The compiler is, usually, a major source of optimisation for human-written code, being capable of lexically analysing code and removing unnecessary computation.
This basically allows developers to write whatever code they think is the most readable and expressive, while handing over the work of optimising the actual code to the compiler.
A classic example in C is:
int foo() {
int bar1 = 42; // Unused variable.
int bar2 = 100;
return bar2;
}
Which when compiled with the most basic level of optimisation via gcc -O1
produces the following assembly code:
foo:
mov eax, 100
ret
The function just returns the value 100. There is no use of the stack to store values, no load operation to fetch variables, and no other form of allocations. The compiler is able to reason that the code returns 100 and thus creates the machine code to do just that.
Compare this with the Python function below:
def foo():
bar1 = 42
bar2 = 100
return bar2
Which returns the following bytecode via dis.dis(foo)
.
LOAD_CONST 1 (42)
STORE_FAST 0 (bar1)
LOAD_CONST 2 (100)
STORE_FAST 1 (bar2)
LOAD_FAST 1 (bar2)
RETURN_VALUE
The bar1
variable hasn't been discarded, even though it hasn't been used by
the code. A full description of Python opcodes is provided in the official
documentation
(source),
but basically the instructions above do:
TARGET(LOAD_CONST) {
frame->instr_ptr = next_instr;
next_instr += 1;
INSTRUCTION_STATS(LOAD_CONST);
_PyStackRef value;
value = PyStackRef_FromPyObjectNew(GETITEM(FRAME_CO_CONSTS, oparg));
stack_pointer[0] = value;
stack_pointer += 1;
assert(WITHIN_STACK_BOUNDS());
DISPATCH();
}
TARGET(STORE_FAST) {
frame->instr_ptr = next_instr;
next_instr += 1;
INSTRUCTION_STATS(STORE_FAST);
_PyStackRef value;
value = stack_pointer[-1];
SETLOCAL(oparg, value);
stack_pointer += -1;
assert(WITHIN_STACK_BOUNDS());
DISPATCH();
}
TARGET(LOAD_FAST) {
frame->instr_ptr = next_instr;
next_instr += 1;
INSTRUCTION_STATS(LOAD_FAST);
_PyStackRef value;
assert(!PyStackRef_IsNull(GETLOCAL(oparg)));
value = PyStackRef_DUP(GETLOCAL(oparg));
stack_pointer[0] = value;
stack_pointer += 1;
assert(WITHIN_STACK_BOUNDS());
DISPATCH();
}
Note that those operations aren't light on CPU time nor on store/loads. But, that is Python, so there's no much we can do there.

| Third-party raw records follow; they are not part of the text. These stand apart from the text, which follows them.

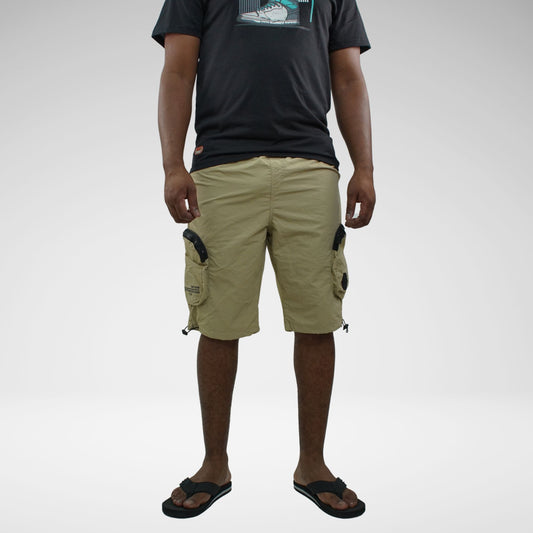 SOVIET BARAKA NYLON TRACK SHORTS | KHAKHI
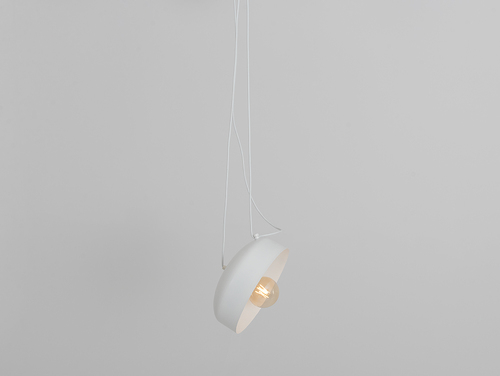 Kontrola Závěsná lampa POPO FLAT L 1 - bílá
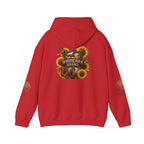 White Oak Brand Hoodie — Sunflowers, Fox & Rustic Nature Graphic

As comparison, this is what a function returning 100 would do:
def foo():
return 100
RETURN_CONST 1 (100)
In theory, a bytecode optimiser could generate the disassembled version of our code above once it analysed the function to always return the same constant value. This type of optimisation is called Peephole Optimisation, a term coined back in 1965.
The problem of optimising the snippet above seems simple, but one immediate problem is Python's dynamic-typed nature. It isn't trivial to know whether an operation has been overloaded or not, but if we could tell the compiler "I haven't overloaded anything for these classes" we could possibly have some nice optimisations.
An interesting paper from 1998 has a lot to say about optimising Python bytecode.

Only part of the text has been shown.